Advies AG aan Hoge Raad: vrijspraak van het dragen van kleding en accessoires met naam en logo van verboden motorclub Bandidos kan niet in stand blijven

5 september 2023

De door het gerechtshof ’s-Hertogenbosch gegeven vrijspraak van deelneming aan de voortzetting van de werkzaamheid van een verboden organisatie door het dragen van kleding en accessoires met de naam en het logo van de verbodenverklaarde Bandidos Motorcycle Club Holland, kan niet in stand blijven. Dat adviseert advocaat-generaal (AG) Harteveld de Hoge Raad in zijn conclusie van vandaag.

De zaak

In 2017 is Bandidos Holland verboden. Dit verbod is op 24 april 2020 onherroepelijk geworden. In deze zaak gaat het om een man die op 21 april 2021 naar de ingang van een gerechtsgebouw liep, terwijl hij een t-shirt en een baseballpet met de opdruk van Bandidos en een heuptasje met het 1%-teken droeg. In het gerechtsgebouw werd een zaak behandeld tegen andere Bandidos-leden.

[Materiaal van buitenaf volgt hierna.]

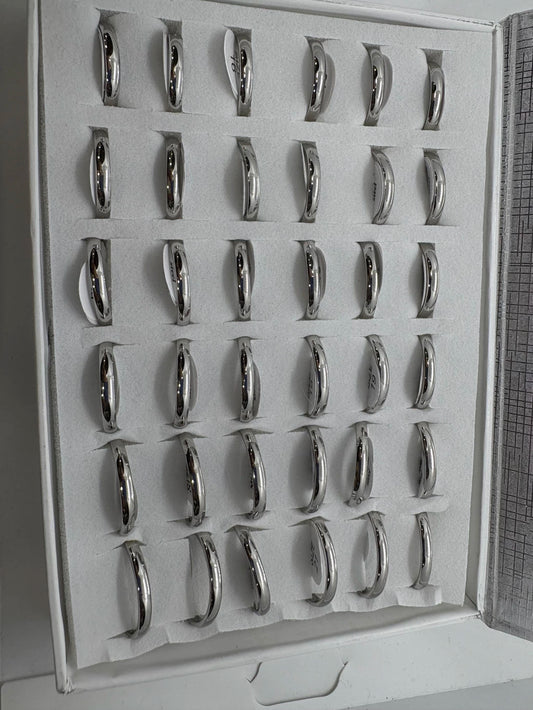 Anillos lisos de acero (36 UNIDADES) 3mm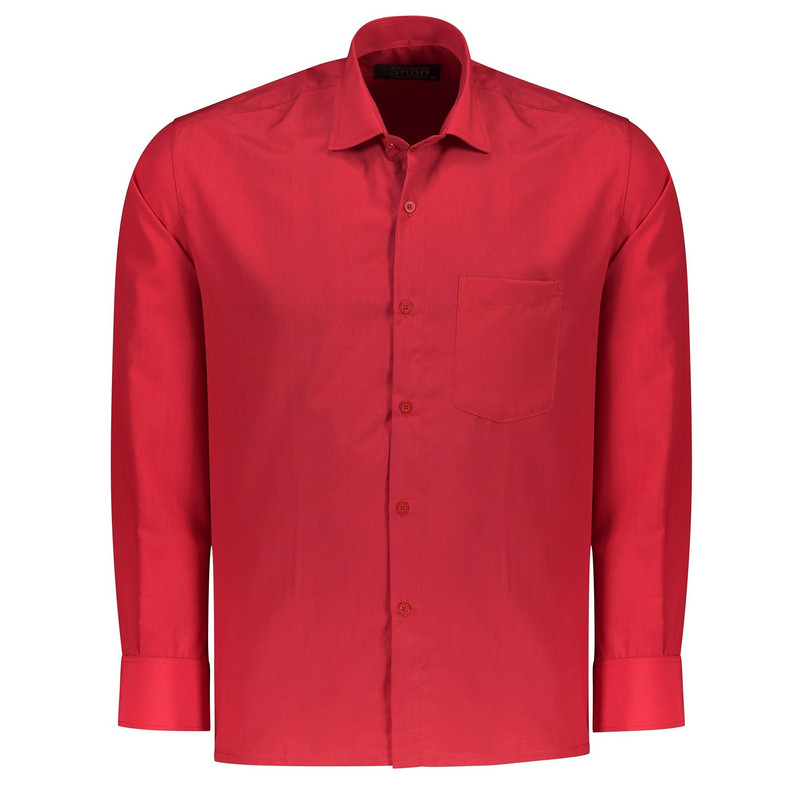 پیراهن آستین بلند یقه برگردان مردانه مدل JEEBDAAR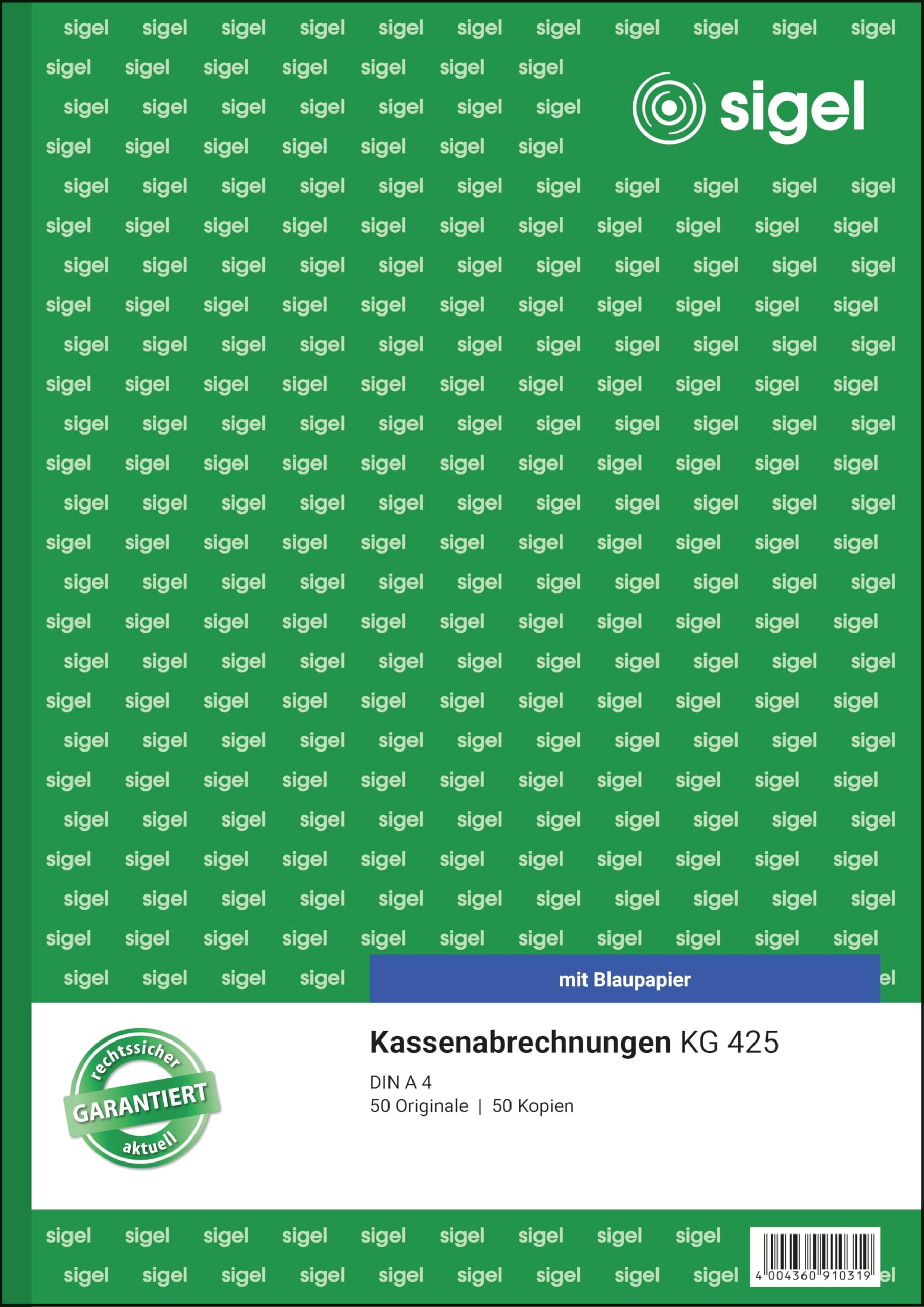 sigel-kg425-5-kassenabrechnung-a4-2x50-blatt-5er-pack-formularbuch image 8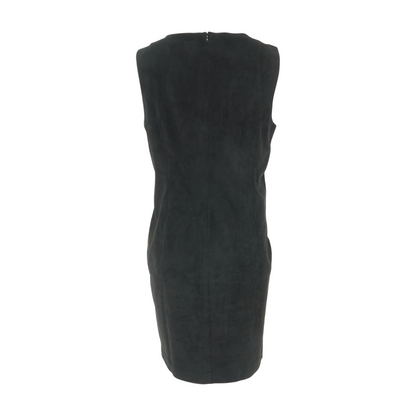 Black Color Block Midi Dress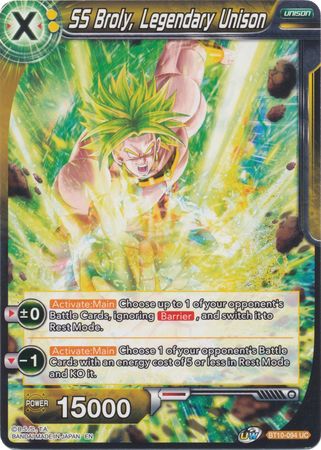 SS Broly, Legendary Unison (BT10-094) [Rise of the Unison Warrior 2nd Edition] Parallel Foil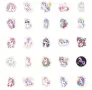 50 Еднорог unicorn самозалепващи стикери лепенки за украса декор торта парче и др, снимка 3
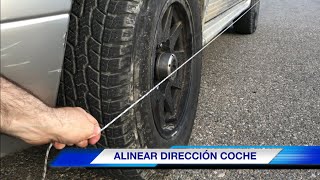 Como Alinear Dirección 🚙Coche de 🚗Paralelo auto en casa 4x4🏎 [upl. by Irpac]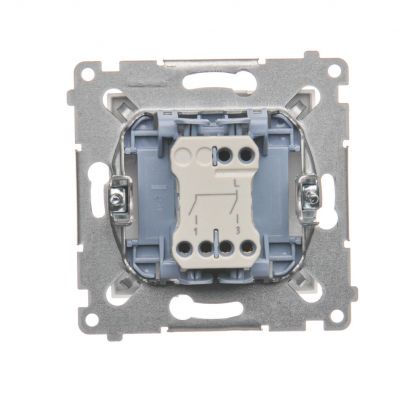 Simon 54 Łącznik świecznikowy do wersji IP44 10A 250V szybkozłączka biały *Posiada wkładkę uszczelniającą pod klawisze DU1W DW5B.01/11 KONTAKT (DW5B.01/11)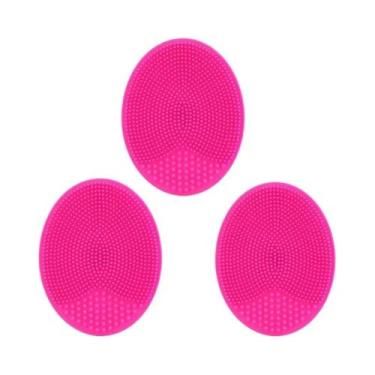 Imagem de Mini Escova De Limpeza Facial De Silicone, Exfoliador Suave Para Cuida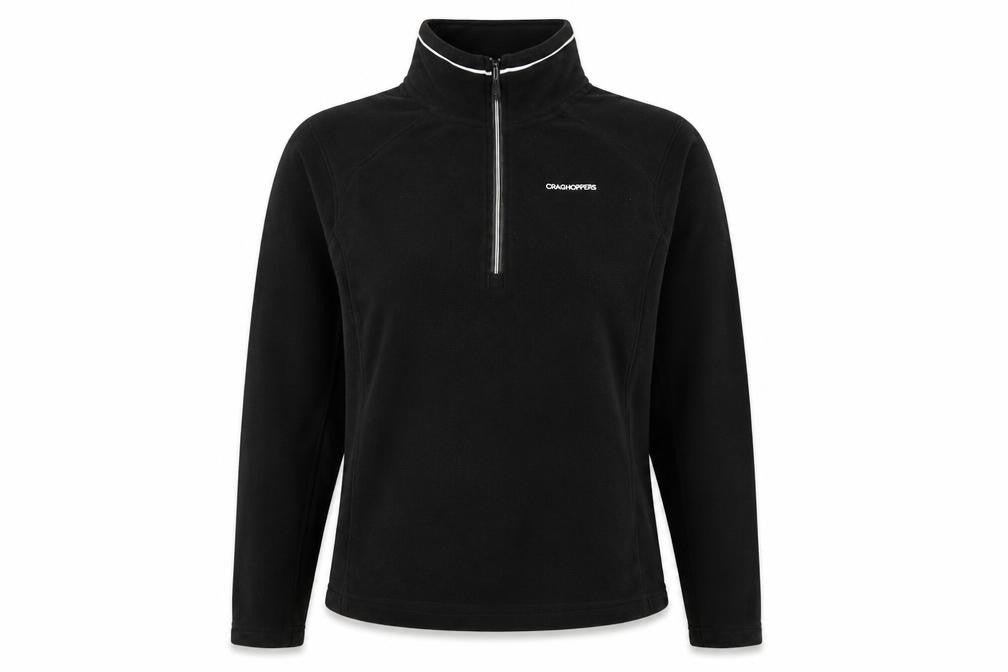 Craghoppers Unisex Black Pullover Fleece Sweatshirt, Size 20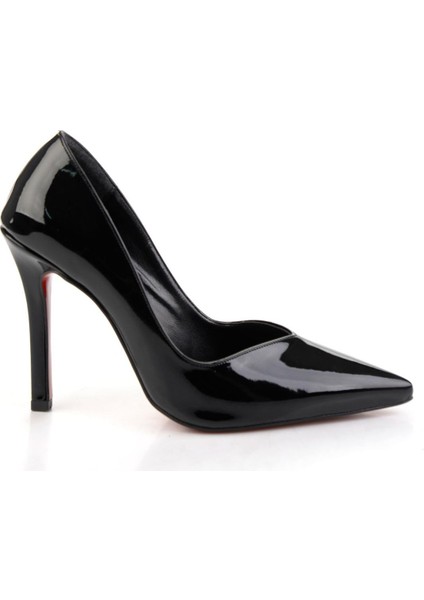 Siyah Kadın Klasik Topuklu Ayakkabı K01614016798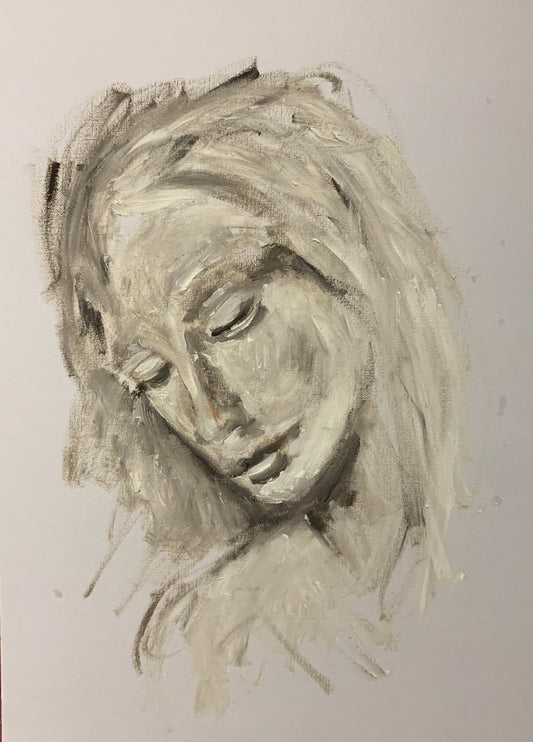 A painting titled 'Beautiful Face by Ryan  Louder' by Ryan Louder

De man werd door het Openbaar Ministerie (OM) vervolgd voor voortzetting van de werkzaamheid van de verboden motorclub. De rechtbank kwam tot een veroordeling maar in hoger beroep werd de man door het gerechtshof vrijgesproken.

Het Openbaar Ministerie (OM) stelde van deze vrijspraak beroep in cassatie in bij de Hoge Raad.

Cassatie(klachten)

Het OM vraagt de Hoge Raad de vrijspraak van het gerechtshof te vernietigen. De cassatieklacht is gericht tegen het oordeel van het hof dat de gedraging van de verdachte niet kan worden aangemerkt als deelneming aan de voortzetting van de werkzaamheid van een verboden organisatie (artikel 140 lid 2 van het Wetboek van Strafrecht (WvSr)).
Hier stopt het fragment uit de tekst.